View the lecture here.


2017

Elizabeth Kolbert

A journalist, author, and visiting fellow at Williams College. She won a Pulitzer Prize for her 2014 book, The Sixth Extinction: An Unnatural History, and writes about the environment for The New Yorker.

View the lecture here.


2016

Bill McKibben

An environmentalist and author who writes about global warming, alternative energy, and localized economies. He is the leader of the anti-carbon campaign group 350.org, and has authored over a dozen books.

View the lecture here.


Jonathan Schell

Jonathan Schell was a passionate humanist, brave writer, and powerful voice who dedicated his life to illuminating civilizational perils—especially the threat of nuclear war.

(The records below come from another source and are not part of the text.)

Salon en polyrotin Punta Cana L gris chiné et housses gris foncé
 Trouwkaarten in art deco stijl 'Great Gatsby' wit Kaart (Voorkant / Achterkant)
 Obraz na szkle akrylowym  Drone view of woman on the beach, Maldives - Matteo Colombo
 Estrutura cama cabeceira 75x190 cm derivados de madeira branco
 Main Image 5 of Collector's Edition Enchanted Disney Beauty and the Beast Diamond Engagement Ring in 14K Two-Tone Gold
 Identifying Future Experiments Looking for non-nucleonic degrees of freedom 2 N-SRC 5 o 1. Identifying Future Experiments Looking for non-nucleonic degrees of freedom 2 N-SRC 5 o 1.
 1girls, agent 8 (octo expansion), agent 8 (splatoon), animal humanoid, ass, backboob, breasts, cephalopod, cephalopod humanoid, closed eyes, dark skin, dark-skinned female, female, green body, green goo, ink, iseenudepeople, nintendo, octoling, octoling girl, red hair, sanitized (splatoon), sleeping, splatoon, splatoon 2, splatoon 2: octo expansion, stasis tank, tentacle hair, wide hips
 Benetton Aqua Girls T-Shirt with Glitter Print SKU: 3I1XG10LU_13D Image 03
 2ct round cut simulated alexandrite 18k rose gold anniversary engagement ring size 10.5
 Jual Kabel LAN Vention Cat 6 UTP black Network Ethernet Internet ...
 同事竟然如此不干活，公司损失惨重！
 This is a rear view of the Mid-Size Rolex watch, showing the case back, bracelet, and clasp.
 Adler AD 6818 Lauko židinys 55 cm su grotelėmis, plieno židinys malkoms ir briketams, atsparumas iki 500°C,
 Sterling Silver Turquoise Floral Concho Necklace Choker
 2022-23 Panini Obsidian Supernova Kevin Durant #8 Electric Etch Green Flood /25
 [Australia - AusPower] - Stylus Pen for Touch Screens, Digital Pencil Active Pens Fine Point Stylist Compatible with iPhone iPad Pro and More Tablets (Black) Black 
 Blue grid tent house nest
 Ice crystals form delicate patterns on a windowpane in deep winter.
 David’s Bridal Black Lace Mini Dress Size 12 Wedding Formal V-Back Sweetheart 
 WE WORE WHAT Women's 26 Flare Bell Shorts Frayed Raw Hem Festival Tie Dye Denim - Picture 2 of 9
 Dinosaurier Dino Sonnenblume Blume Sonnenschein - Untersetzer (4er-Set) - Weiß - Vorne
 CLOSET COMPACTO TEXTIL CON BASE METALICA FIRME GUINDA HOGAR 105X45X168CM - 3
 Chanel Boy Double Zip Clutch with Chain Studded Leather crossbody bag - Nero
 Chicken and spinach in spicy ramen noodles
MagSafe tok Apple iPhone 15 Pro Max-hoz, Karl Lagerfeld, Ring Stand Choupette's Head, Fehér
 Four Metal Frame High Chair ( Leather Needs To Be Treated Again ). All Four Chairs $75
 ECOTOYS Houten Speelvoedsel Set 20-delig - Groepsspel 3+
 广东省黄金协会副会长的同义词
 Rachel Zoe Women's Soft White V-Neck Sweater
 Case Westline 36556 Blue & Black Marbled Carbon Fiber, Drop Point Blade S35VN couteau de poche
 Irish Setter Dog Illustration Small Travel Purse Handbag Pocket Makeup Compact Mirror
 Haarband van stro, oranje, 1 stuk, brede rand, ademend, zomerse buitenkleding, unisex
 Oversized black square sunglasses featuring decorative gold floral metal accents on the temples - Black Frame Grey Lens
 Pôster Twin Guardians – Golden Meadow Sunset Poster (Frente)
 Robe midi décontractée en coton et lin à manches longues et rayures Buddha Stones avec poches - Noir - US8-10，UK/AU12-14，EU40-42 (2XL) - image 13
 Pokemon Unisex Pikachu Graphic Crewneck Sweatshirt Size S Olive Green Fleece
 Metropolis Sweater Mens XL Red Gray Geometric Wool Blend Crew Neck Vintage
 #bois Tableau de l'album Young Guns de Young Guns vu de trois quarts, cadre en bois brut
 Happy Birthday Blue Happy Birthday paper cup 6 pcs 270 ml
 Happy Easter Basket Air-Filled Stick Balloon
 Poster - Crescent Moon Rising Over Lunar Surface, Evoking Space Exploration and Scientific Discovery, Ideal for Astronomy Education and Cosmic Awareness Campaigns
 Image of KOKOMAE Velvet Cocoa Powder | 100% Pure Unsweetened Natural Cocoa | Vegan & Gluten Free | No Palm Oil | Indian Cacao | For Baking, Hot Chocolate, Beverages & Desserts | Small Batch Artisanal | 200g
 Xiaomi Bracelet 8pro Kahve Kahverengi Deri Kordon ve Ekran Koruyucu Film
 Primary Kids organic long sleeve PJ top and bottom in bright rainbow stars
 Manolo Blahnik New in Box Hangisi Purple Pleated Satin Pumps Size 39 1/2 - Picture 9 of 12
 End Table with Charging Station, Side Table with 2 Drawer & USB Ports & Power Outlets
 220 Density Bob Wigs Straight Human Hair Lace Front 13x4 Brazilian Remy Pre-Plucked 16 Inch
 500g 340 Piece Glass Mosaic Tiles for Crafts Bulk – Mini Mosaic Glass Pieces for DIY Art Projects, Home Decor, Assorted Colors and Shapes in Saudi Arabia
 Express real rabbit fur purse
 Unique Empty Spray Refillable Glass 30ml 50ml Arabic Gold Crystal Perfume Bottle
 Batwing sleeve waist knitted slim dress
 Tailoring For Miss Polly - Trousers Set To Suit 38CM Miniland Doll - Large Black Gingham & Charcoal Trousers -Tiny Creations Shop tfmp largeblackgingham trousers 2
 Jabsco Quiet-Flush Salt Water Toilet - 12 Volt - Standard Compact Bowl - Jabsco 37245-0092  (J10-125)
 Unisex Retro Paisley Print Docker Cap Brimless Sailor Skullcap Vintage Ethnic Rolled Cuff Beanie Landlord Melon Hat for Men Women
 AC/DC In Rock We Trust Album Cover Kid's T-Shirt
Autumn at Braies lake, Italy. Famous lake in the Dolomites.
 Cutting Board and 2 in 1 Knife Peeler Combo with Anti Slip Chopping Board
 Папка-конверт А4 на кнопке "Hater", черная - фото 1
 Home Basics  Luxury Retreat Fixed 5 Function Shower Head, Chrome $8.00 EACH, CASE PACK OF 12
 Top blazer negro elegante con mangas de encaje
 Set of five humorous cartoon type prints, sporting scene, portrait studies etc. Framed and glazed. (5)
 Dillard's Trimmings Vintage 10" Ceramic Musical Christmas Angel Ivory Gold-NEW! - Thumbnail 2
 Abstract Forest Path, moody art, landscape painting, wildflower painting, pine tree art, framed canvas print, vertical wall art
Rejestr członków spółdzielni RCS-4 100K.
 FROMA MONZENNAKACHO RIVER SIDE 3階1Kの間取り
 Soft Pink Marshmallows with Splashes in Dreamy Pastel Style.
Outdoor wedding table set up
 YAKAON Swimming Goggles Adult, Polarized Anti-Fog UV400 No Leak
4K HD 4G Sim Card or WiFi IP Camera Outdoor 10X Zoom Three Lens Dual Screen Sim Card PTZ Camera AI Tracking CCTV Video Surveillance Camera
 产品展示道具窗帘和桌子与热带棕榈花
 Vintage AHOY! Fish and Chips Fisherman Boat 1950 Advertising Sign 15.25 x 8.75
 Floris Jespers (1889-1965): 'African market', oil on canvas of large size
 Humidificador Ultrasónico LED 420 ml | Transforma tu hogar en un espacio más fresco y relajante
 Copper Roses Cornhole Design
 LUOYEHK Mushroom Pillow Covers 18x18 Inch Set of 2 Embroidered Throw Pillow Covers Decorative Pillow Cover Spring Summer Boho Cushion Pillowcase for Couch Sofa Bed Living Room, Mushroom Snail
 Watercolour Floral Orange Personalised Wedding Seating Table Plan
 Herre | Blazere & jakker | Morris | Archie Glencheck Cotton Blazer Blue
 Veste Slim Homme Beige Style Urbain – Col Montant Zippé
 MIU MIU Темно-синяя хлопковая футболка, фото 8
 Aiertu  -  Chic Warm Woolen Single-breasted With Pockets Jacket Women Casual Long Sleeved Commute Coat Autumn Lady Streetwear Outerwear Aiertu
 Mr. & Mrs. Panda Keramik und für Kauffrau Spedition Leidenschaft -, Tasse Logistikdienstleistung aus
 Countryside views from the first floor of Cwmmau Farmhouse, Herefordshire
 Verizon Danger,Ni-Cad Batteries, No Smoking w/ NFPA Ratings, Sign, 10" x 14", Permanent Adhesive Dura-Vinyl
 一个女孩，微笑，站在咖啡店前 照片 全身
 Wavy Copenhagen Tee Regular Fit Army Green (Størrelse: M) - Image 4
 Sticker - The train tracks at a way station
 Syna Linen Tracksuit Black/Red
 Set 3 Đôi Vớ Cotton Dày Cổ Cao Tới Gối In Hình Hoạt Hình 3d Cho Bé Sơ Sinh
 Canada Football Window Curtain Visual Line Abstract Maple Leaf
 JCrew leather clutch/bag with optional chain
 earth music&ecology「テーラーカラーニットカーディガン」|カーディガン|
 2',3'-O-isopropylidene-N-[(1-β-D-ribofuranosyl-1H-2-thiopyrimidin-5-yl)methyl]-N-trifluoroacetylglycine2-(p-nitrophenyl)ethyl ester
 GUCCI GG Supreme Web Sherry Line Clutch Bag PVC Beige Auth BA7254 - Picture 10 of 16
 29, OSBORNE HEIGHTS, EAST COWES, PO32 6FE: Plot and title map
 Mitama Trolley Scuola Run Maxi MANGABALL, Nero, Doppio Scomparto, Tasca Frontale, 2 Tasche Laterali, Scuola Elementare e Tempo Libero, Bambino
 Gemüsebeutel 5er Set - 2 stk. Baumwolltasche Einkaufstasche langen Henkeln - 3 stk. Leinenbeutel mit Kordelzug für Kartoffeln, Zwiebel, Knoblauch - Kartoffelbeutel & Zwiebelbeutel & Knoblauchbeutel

Schell traveled to Vietnam after graduating from Harvard in 1965, where a chance encounter with journalist Bernard Fall put him on a helicopter to witness the destruction of the village of Ben Suc by US troops. A series of New Yorker articles and his book, The Village of Ben Suc, published when he was 24, became one of the first English-language accounts of the senseless killing of Vietnamese civilians by American forces. Through eloquent writing, he would become an important antiwar witness to the horrors of Washington’s Vietnam.

He published his next book a year later, after spending time flying with US forward air controllers. The Military Half: An Account of Destruction in Quang Ngai and Quang Tin was a stunning description of how the US military tore South Vietnam apart from the air as well as on the ground. In 1976, he took on the Watergate scandal in his classic work, The Time of Illusion.

First published as a four-part series in the New Yorker, Schell’s 1982 international bestseller The Fate of the Earth — on the devastating human consequences of nuclear war — was his seminal work. In that book, he raised fundamental questions about our existence as a species that “has brought itself face to face with a second death [in addition to our own] — the death of mankind.” Calling The Fate of the Earth “an enormous force” in a New York Times book review, sociologist Kai Erikson wrote, “It accomplishes what no other work has managed to do in the 37 years of the nuclear age. It compels us — and compel is the right word — to confront head on the nuclear peril in which we all find ourselves.”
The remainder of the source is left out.